Monday 17 January 2022
IS&T Welcome & PLENARY: Quanta Image Sensors: Counting Photons Is the New Game in Town
07:00 – 08:10
The Quanta Image Sensor (QIS) was conceived as a different image sensor—one that counts photoelectrons one at a time using millions or billions of specialized pixels read out at high frame rate with computation imaging used to create gray scale images. QIS devices have been implemented in a CMOS image sensor (CIS) baseline room-temperature technology without using avalanche multiplication, and also with SPAD arrays. This plenary details the QIS concept, how it has been implemented in CIS and in SPADs, and what the major differences are. Applications that can be disrupted or enabled by this technology are also discussed, including smartphone, where CIS-QIS technology could even be employed in just a few years.
Eric R. Fossum, Dartmouth College (United States)
Eric R. Fossum is best known for the invention of the CMOS image sensor “camera-on-a-chip” used in billions of cameras. He is a solid-state image sensor device physicist and engineer, and his career has included academic and government research, and entrepreneurial leadership. At Dartmouth he is a professor of engineering and vice provost for entrepreneurship and technology transfer. Fossum received the 2017 Queen Elizabeth Prize from HRH Prince Charles, considered by many as the Nobel Prize of Engineering “for the creation of digital imaging sensors,” along with three others. He was inducted into the National Inventors Hall of Fame, and elected to the National Academy of Engineering among other honors including a recent Emmy Award. He has published more than 300 technical papers and holds more than 175 US patents. He co-founded several startups and co-founded the International Image Sensor Society (IISS), serving as its first president. He is a Fellow of IEEE and OSA.
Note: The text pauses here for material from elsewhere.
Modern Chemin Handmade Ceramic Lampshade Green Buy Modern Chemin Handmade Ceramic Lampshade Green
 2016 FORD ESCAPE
08:10 – 08:40 EI 2022 Welcome Reception
Wednesday 19 January 2022
IS&T Awards & PLENARY: In situ Mobility for Planetary Exploration: Progress and Challenges
07:00 – 08:15
This year saw exciting milestones in planetary exploration with the successful landing of the Perseverance Mars rover, followed by its operation and the successful technology demonstration of the Ingenuity helicopter, the first heavier-than-air aircraft ever to fly on another planetary body. This plenary highlights new technologies used in this mission, including precision landing for Perseverance, a vision coprocessor, new algorithms for faster rover traverse, and the ingredients of the helicopter. It concludes with a survey of challenges for future planetary mobility systems, particularly for Mars, Earth’s moon, and Saturn’s moon, Titan.
Larry Matthies, Jet Propulsion Laboratory (United States)
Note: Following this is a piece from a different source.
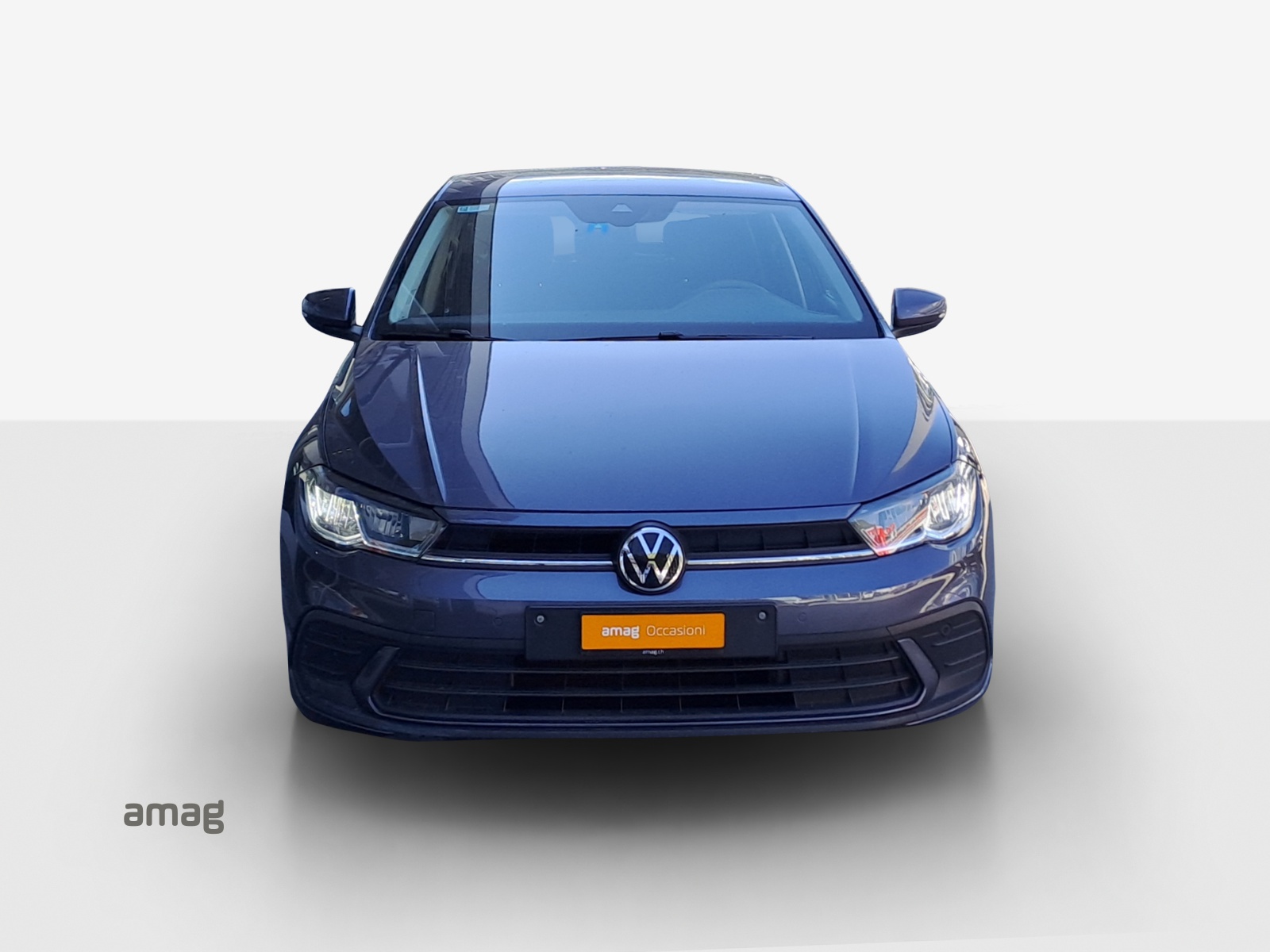 VW Polo 1.0 MPI Basis-image-6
Larry Matthies received his PhD in computer science from Carnegie Mellon University (1989), before joining JPL, where he has supervised the Computer Vision Group for 21 years, the past two coordinating internal technology investments in the Mars office. His research interests include 3-D perception, state estimation, terrain classification, and dynamic scene analysis for autonomous navigation of unmanned vehicles on Earth and in space. He has been a principal investigator in many programs involving robot vision and has initiated new technology developments that impacted every US Mars surface mission since 1997, including visual navigation algorithms for rovers, map matching algorithms for precision landers, and autonomous navigation hardware and software architectures for rotorcraft. He is a Fellow of the IEEE and was a joint winner in 2008 of the IEEE’s Robotics and Automation Award for his contributions to robotic space exploration.
EI 2022 Interactive Poster Session
08:20 – 09:20
Poster interactive session for all conferences authors and attendees.
Thursday 20 January 2022
Juha Röning, University of Oulu (Finland)
07:00 – 08:05
Deep learning based wheat ears count in robot images for wheat phenotyping, Ehsan Ullah, Mohib Ullah, Muhammad Sajjad, and Faouzi Alaya Cheikh, Norwegian University of Science and Technology (Norway) [view abstract]
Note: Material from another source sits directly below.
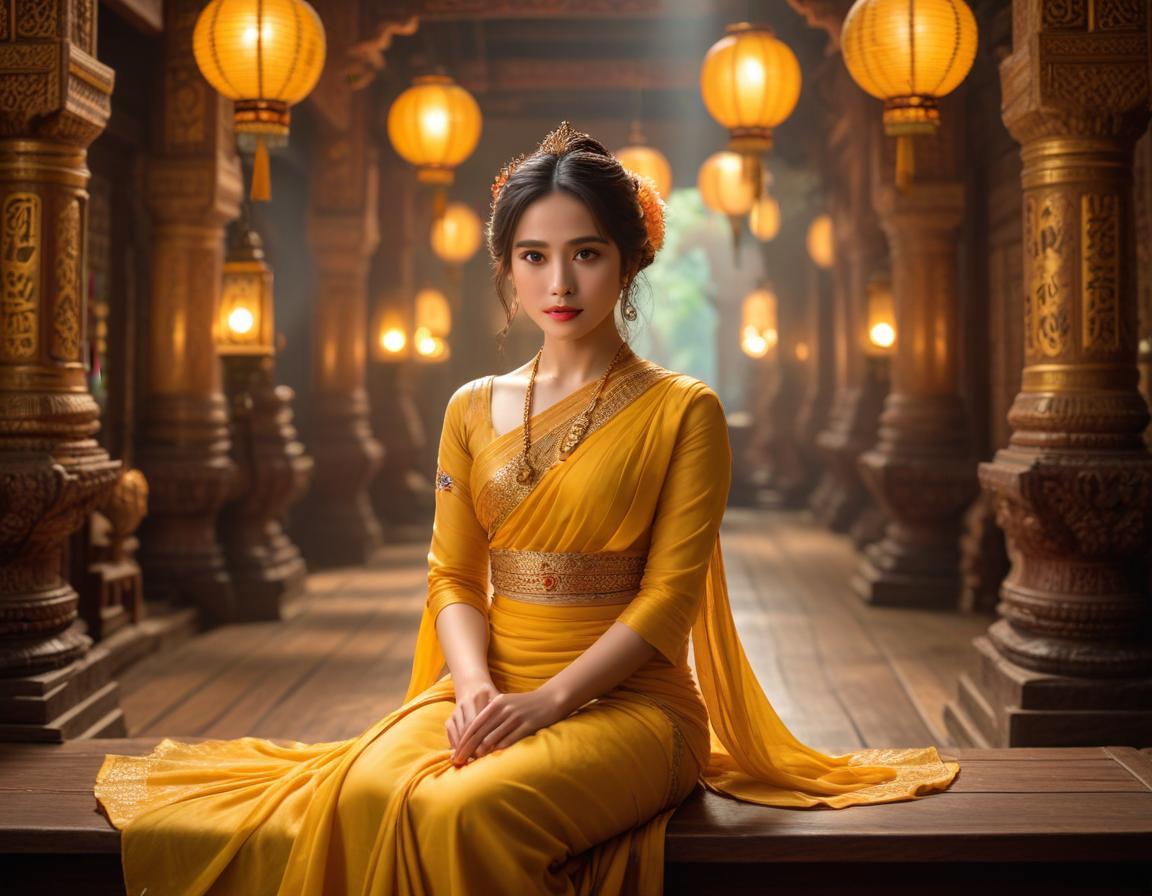 ชายคนหนึ่งกำลังกรอกใบสมัครเงินกู้ภายในธนาคาร มีพนักงานให้คำแนะนำ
The number of spikes, spikelets per spike, number of spikes per square meter are some of the important metrics for plant breeders and researchers in predicting wheat crop yield. Evaluating the crop yield based on wheat ears counting is still done manually which is a labor-intensive, tedious and costly task. Thus, there is a significant need of developing a real-time wheat spikes/ears counting system for plant breeders for effective and efficient crop yield predictions. In this paper, we adopted and modified two deep learning-based methods namely Faster R-CNN and EfficientDet for accurate and computationally efficient localization and counting of wheat spikes/ears in digital images taken using some high-throughput phenotyping techniques under natural field conditions. We used Faster R-CNN with Resnet50 as backbone architecture which produced an overall accuracy of 88.7% on the test images. We also used recent state-of-the-art models EfficientDet-D5 and EfficientDet-D7 having backbone architectures EfficientNet-B5 and EfficientNet-B7, respectively. A comprehensive quantitative analysis is performed on the standard performance metrics. In the analysis, the EfficientDet-D5 model produces an accuracy of 92.7% on the test images and EfficientDet-D7 produces an accuracy of 93.6%.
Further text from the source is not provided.